Exercise input:
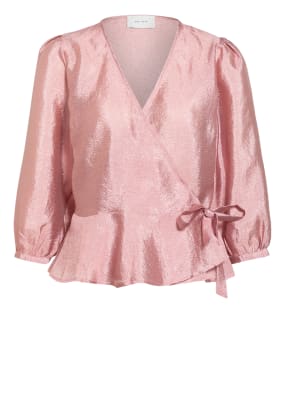 NEO NOIR Wickelbluse mit Volantbesatz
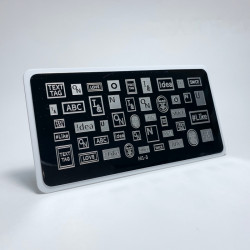 Aeropuffing, пластина для стемпинга Stamping Plate, M1-3 (текст)
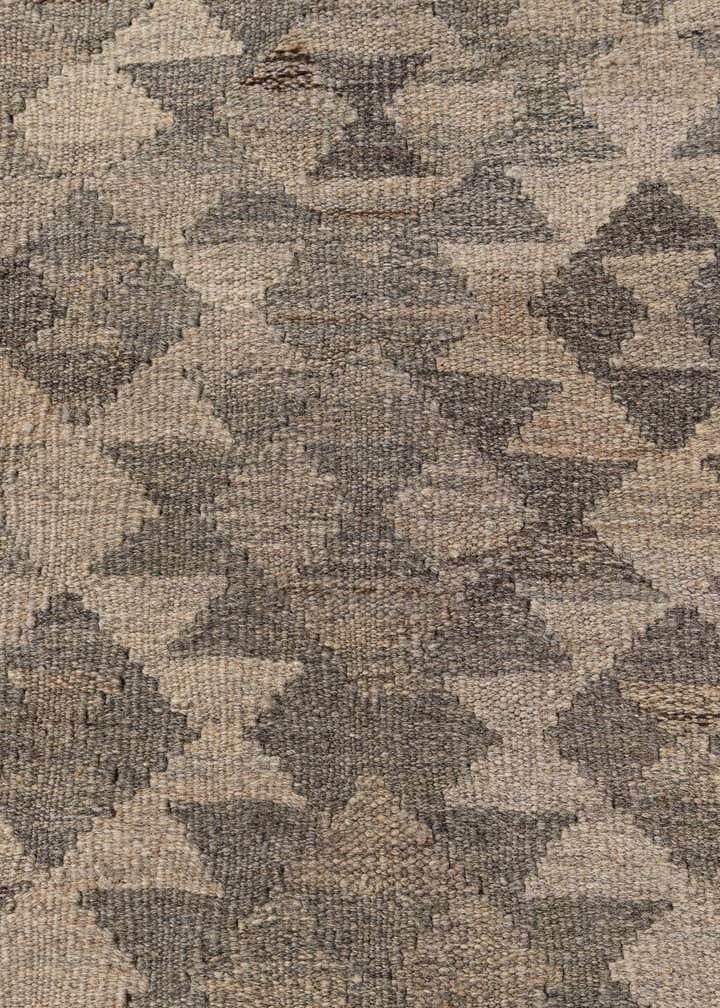 6' 9 x 10' Hand Woven Kilim Maymana Wool Rug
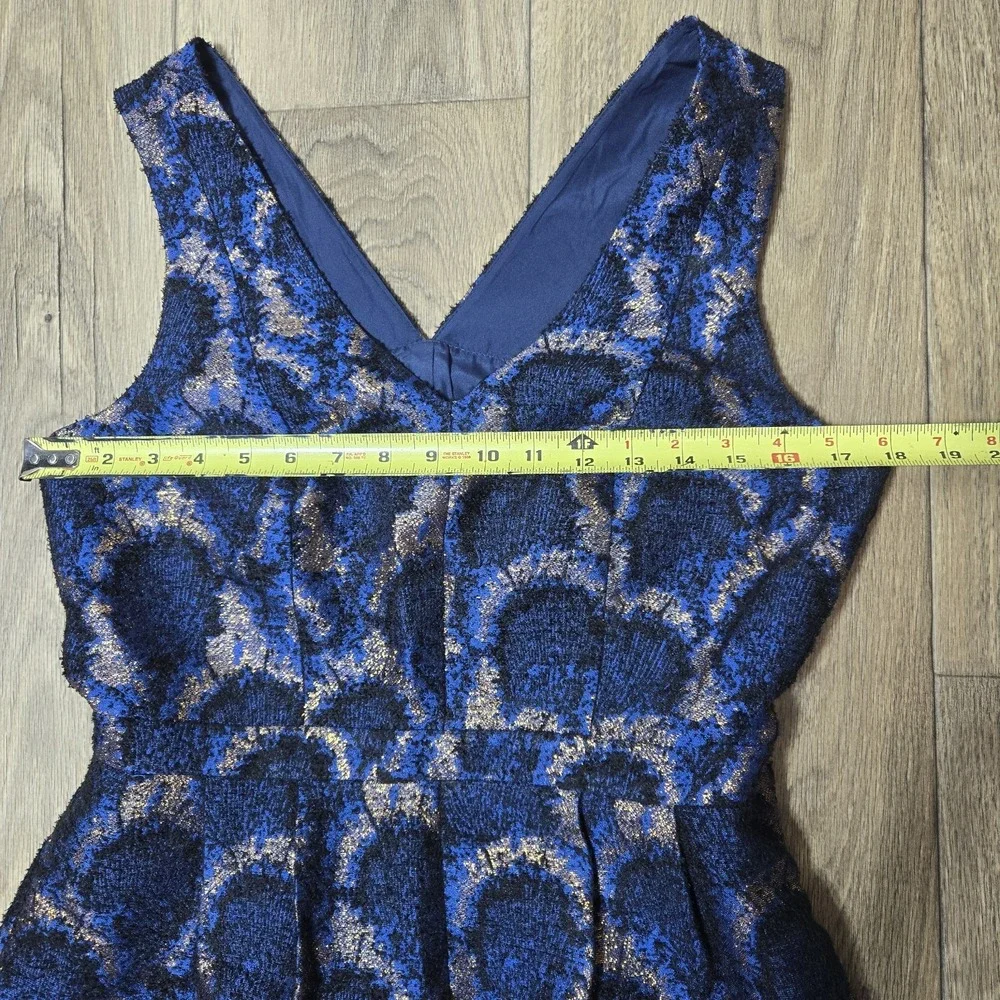 NWT J Crew Peacock Jacquard Fit and Flare Party Dress Size 9 - Picture 7 of 14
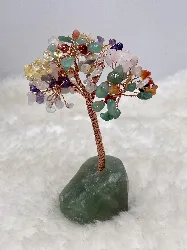 arbre de vie en pierres naturelles multicolores t5*6*12cm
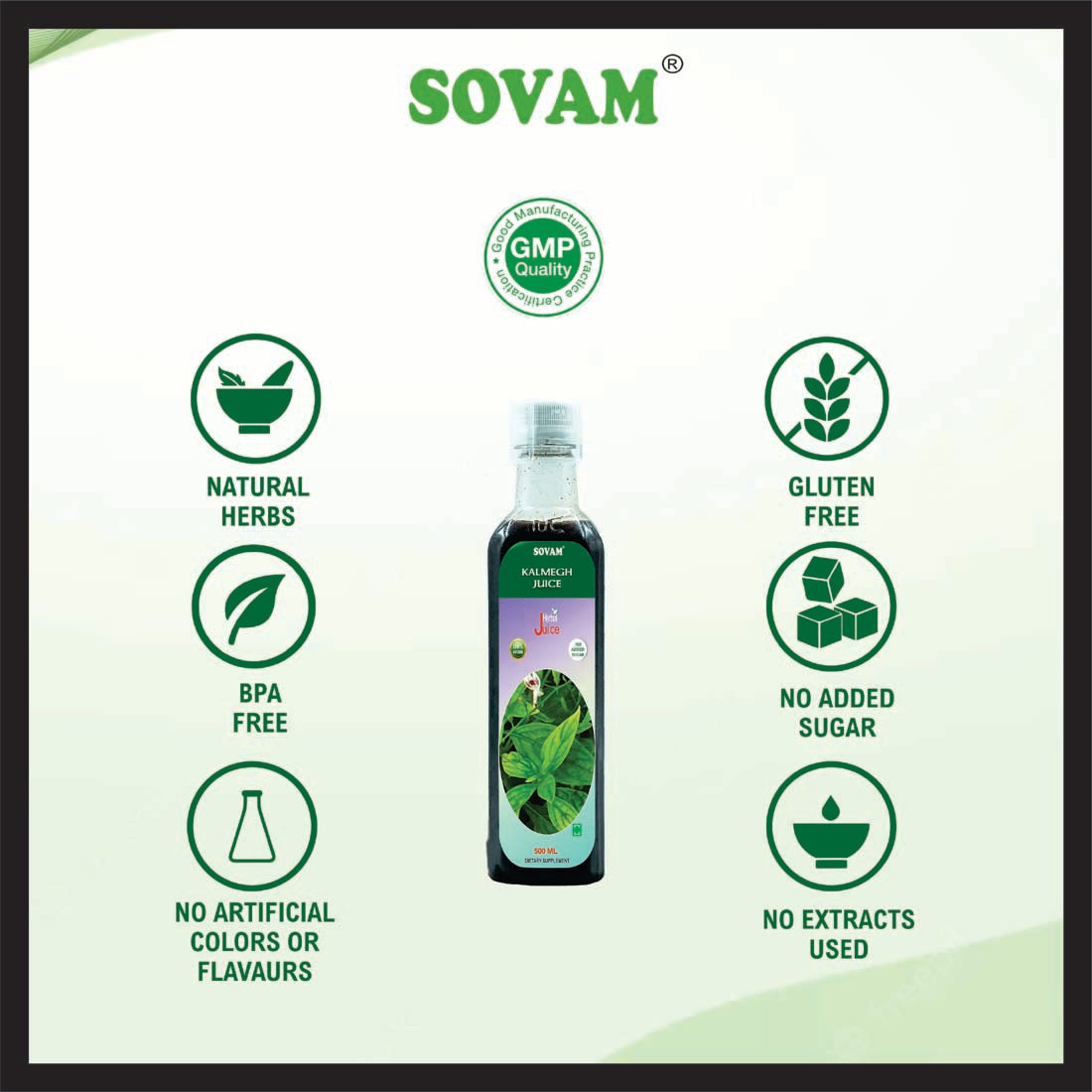 Sovam Kalmegh Juice 500ml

Problem requirements: Only an exact copy of the lines from the one with "NWT J Crew Peacock" through the last line of the data above is wanted, and no pictures.

Answer section:
 NWT J Crew Peacock Jacquard Fit and Flare Party Dress Size 9 - Picture 7 of 14
 arbre de vie en pierres naturelles multicolores t5*6*12cm
 Sovam Kalmegh Juice 500ml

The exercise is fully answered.